Artykuły

Aktor/ka do grania. Więcej wolności

- Nie wiem, czy są w Polsce teatry instytucjonalne, w których aktorzy/ki mogą zaproponować, co chcą robić, i wybrać sobie do tego reżysera albo reżyserkę. Bywają tak zwane sceny inicjatyw aktorskich, ale zwykle w niewielkim wymiarze - rozmowa Uli Kijak z Dorotą Glac i Martą Jalowską z Grupy Artystycznej Teraz Poliż.

Czego autorem/ką jest aktor/ka? Czy to się da określić?

Dorota Glac: To zależy od tego, z kim się pracuje. Bo czasami jest tak, że ty wpadasz na coś i proponujesz, a czasami reżyser/ka mówi ci, że wyobraża sobie tę postać w jakiś sposób.

Marta Jalowska: W Teraz Poliż mam poczucie, że wszystko jest wypadkową naszej wspólnej pracy. Padają różne pomysły, ulegają przetworzeniom, łączą się z innymi i nie wiadomo dokładnie, kto jest autorką czego. Są takie pojedyncze sytuacje, że któraś z nas wymyśla coś bardzo konkretnego i wiadomo, że ona jest autorką tego pomysłu. Ale wydaje mi się, że zazwyczaj aktor/ka są po prostu autorami części pomysłów, które składają się na spektakl.

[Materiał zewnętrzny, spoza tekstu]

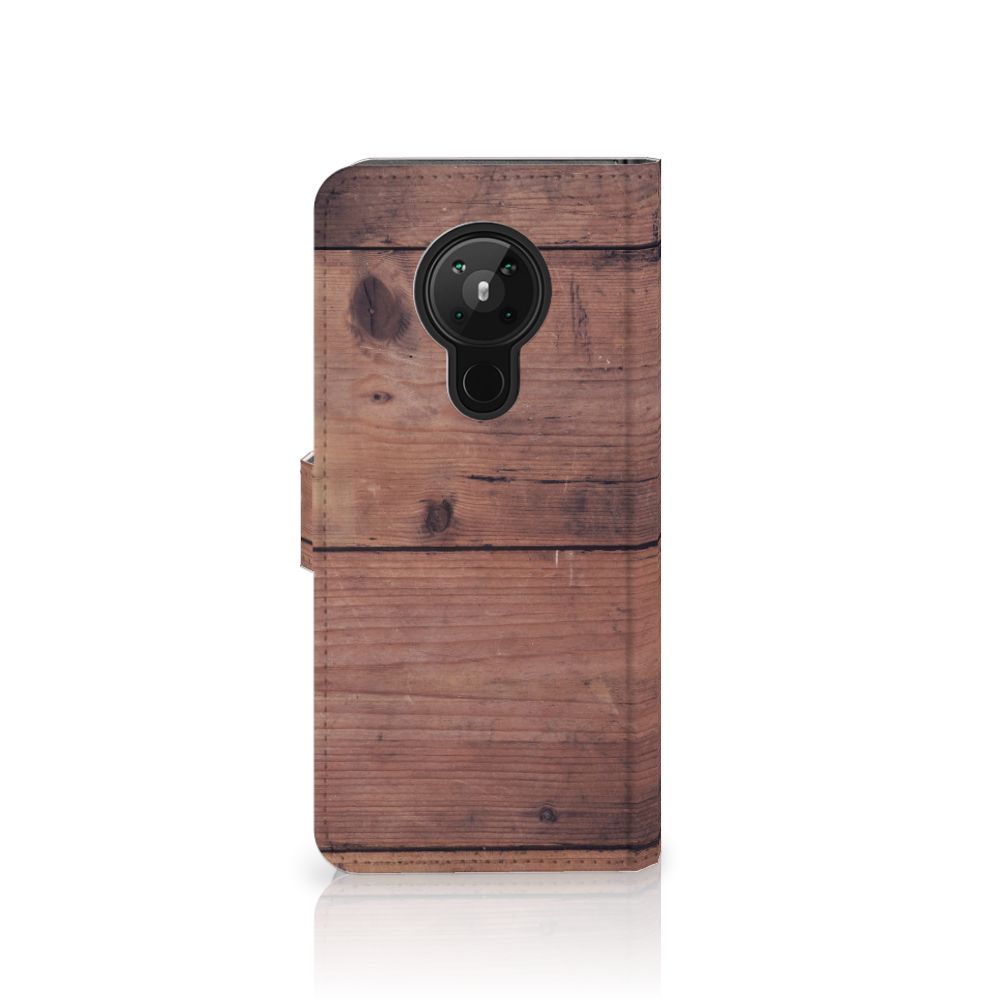 Nokia 5.3 Book Style Case Old Wood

D.G.: Tak, ale też każda osoba ma swoją dynamikę, energię. Aktorstwo polega też na tym, że przepuszczasz materiał przez swoją osobowość. Więc w pewnym sensie daje się czasem rozpoznać, co pochodzi od danej aktorki lub aktora.

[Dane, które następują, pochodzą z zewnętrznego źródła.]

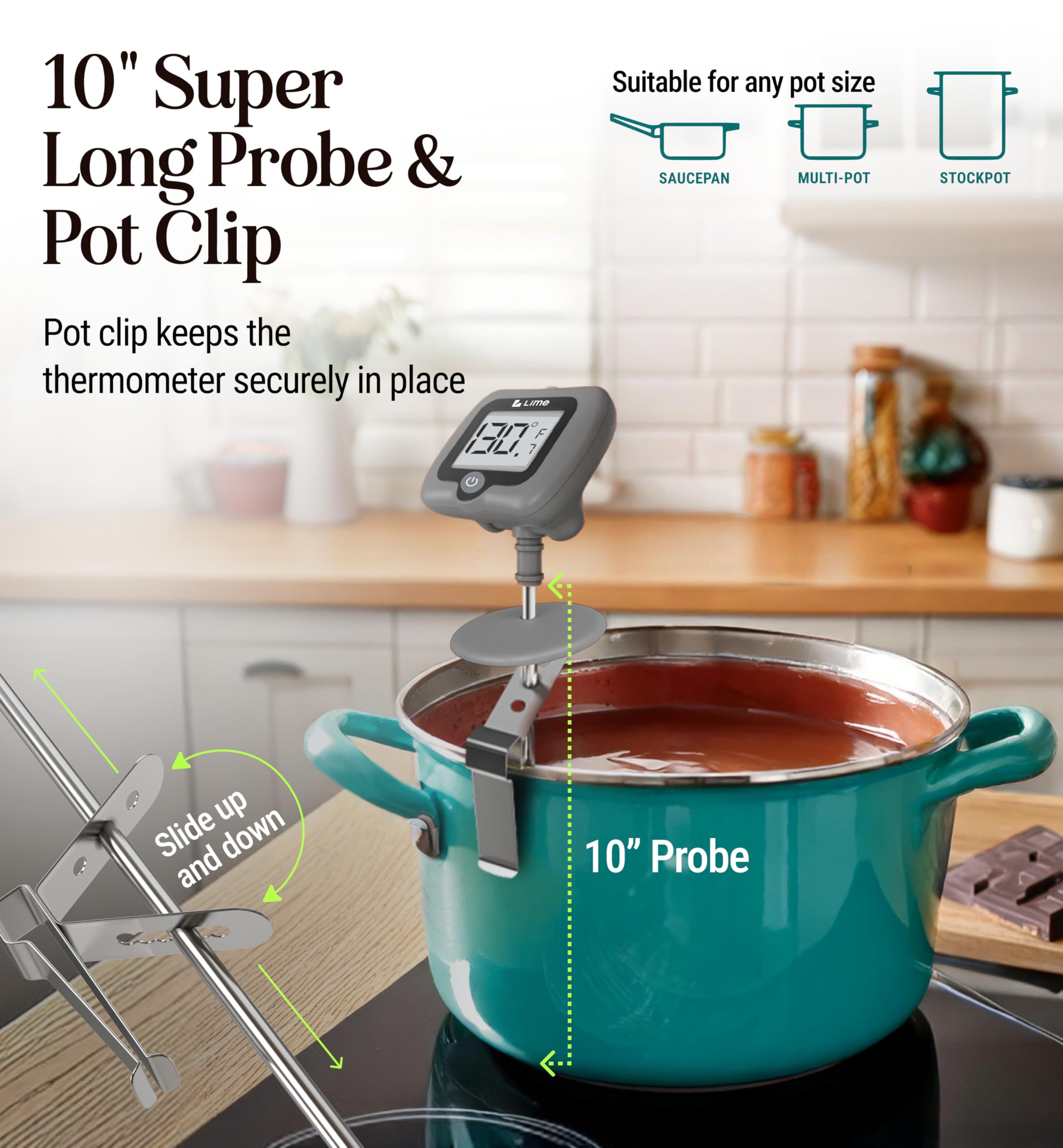 Craft911 IP65 waterproof design enables easy cleanup after cooking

M.J.: Co jest autorstwa tego/tej aktora/ki?

D.G.: Może nie aż tak konkretnie, ale widać, co zawdzięczasz tej osobie.

Identyfikujecie się ze spektaklami, które gracie?

M.J.: Tak.

D.G.: Pracuję w Teraz Poliż, więc utożsamiam się ze wszystkim, o czym mówię ze sceny. Chociaż chodzę jednak na castingi do reklam, więc byłabym po prostu hipokrytką, gdybym powiedziała, że zawsze się identyfikuję i zgadzam. Tam też jest jakaś granica, ale nie utożsamiam się z tym. Robię to tylko dla kasy, niestety. Nie popieram większości tych produktów. Mam często problem z formami reklam i nieraz się cieszę, że mnie nie wybrali. Ale jednak dla pieniędzy musisz się czasami nagiąć.

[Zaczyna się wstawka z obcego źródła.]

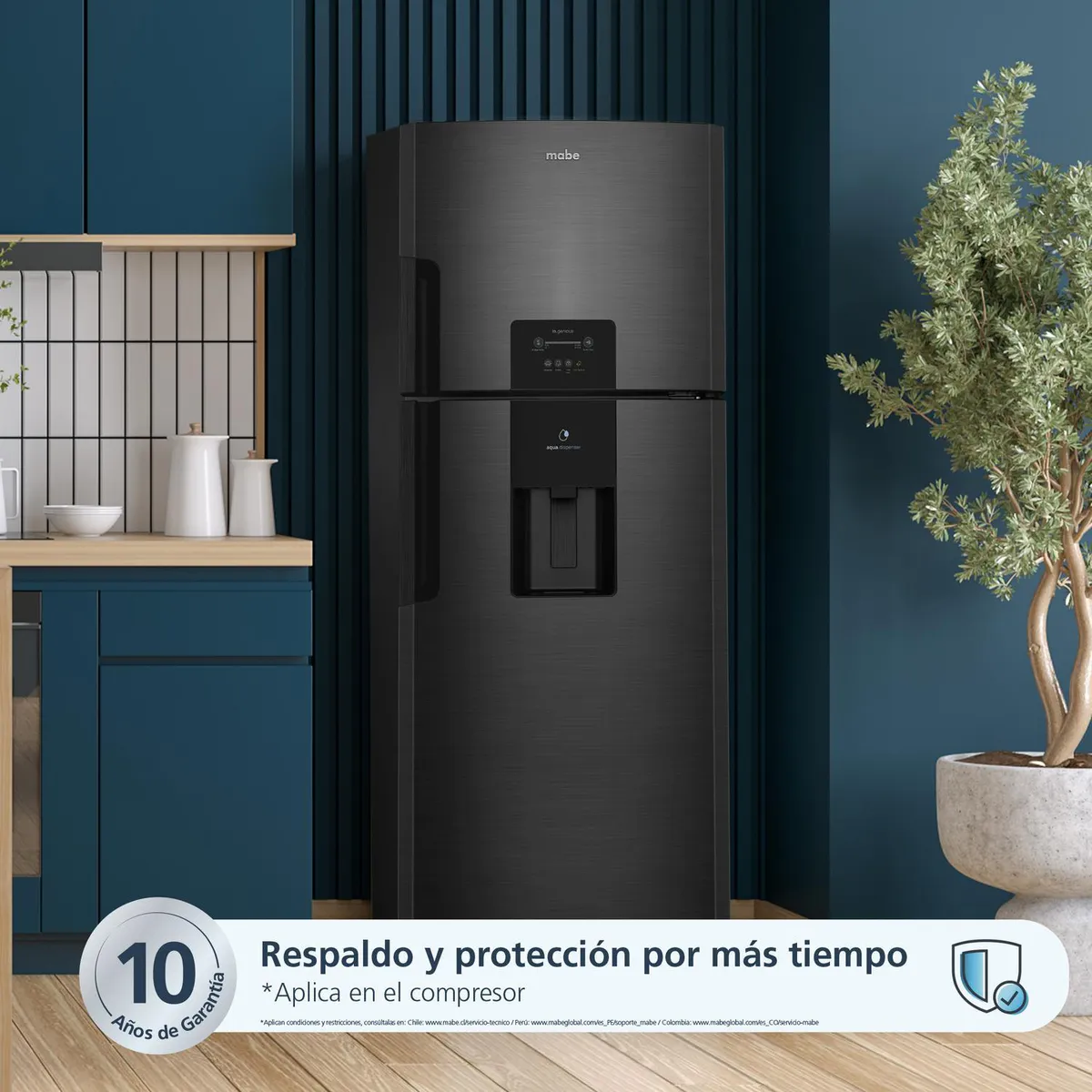 MABE - Refrigeradora Mabe 382L Top Freezer 2 Puertas RMP415ZPC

A czy w teatrze zdarza się Wam praca, która pozbawia Was wpływu na kształt spektaklu, możliwości współtworzenia go?

M.J.: Trochę tego zasmakowałam, kiedy pracowałam u Castellucciego. Razem z kilkoma innymi aktorkami grałyśmy w spektaklu, w którym byłyśmy użyte tylko jako obrazy. I naprawdę próbowałam w tym bardziej uczestniczyć, jednak w pewnym momencie stwierdziłam, że to jest do tego stopnia dzieło totalne, iż albo się godzę na to, że jestem obrazem, albo mogę stamtąd odejść. Nie miałam na to żadnego wpływu. Był to po prostu job, co dla mnie było nowością.

D.G.: Z drugiej strony - jeżeli reżyser/ka ma naprawdę fajny pomysł, wizję, to nie stanowi to dla mnie problemu. Problem pojawia się, jeśli nie umie mnie przekonać, nie chce ze mną budować dialogu, nie robi miejsca na dyskusję i uważa to za stratę czasu. Kiedy ktoś wchodzi w pozycję reżysera/ki i chce za wszelką cenę utrzymać ten autorytet, wtedy jest mu/jej trudno powiedzieć: "Nie wiem". W takiej sytuacji wszystko budowane jest ze ścierny: "Wiem, co robię", chociaż za cholerę nie wie. I nie powie nam, że nie wie. Powie zamiast tego: "Nie rozumiecie mnie".

Czyli nie wystarczają Wam informacje, po co i dlaczego Wasza postać w danym momencie robi coś lub mówi? Potrzebujecie rozumienia i popierania całości spektaklu?

D.G.: Tak, ale kiedy mam do reżysera/ki zaufanie, znam jego/jej system pracy, mogę też pewnych rzeczy nie rozumieć.

M.J.: Wydaje mi się, że nie wszystko, co się robi, trzeba rozumieć. Czasem musisz po prostu sobie zaufać i pójść za przeczuciem lub intuicją.

Jest jakaś granica wolności twórczej w aktorstwie?

M.J.: Nie wiem, co miałoby być taką granicą. Zastanawiam się, czy dla mnie jest jakaś granica wolności twórczej w sztuce, i wydaje mi się, że nie. Wolałabym, żeby jej nie było. Nie wiem też, co miałoby być taką granicą dla aktorstwa.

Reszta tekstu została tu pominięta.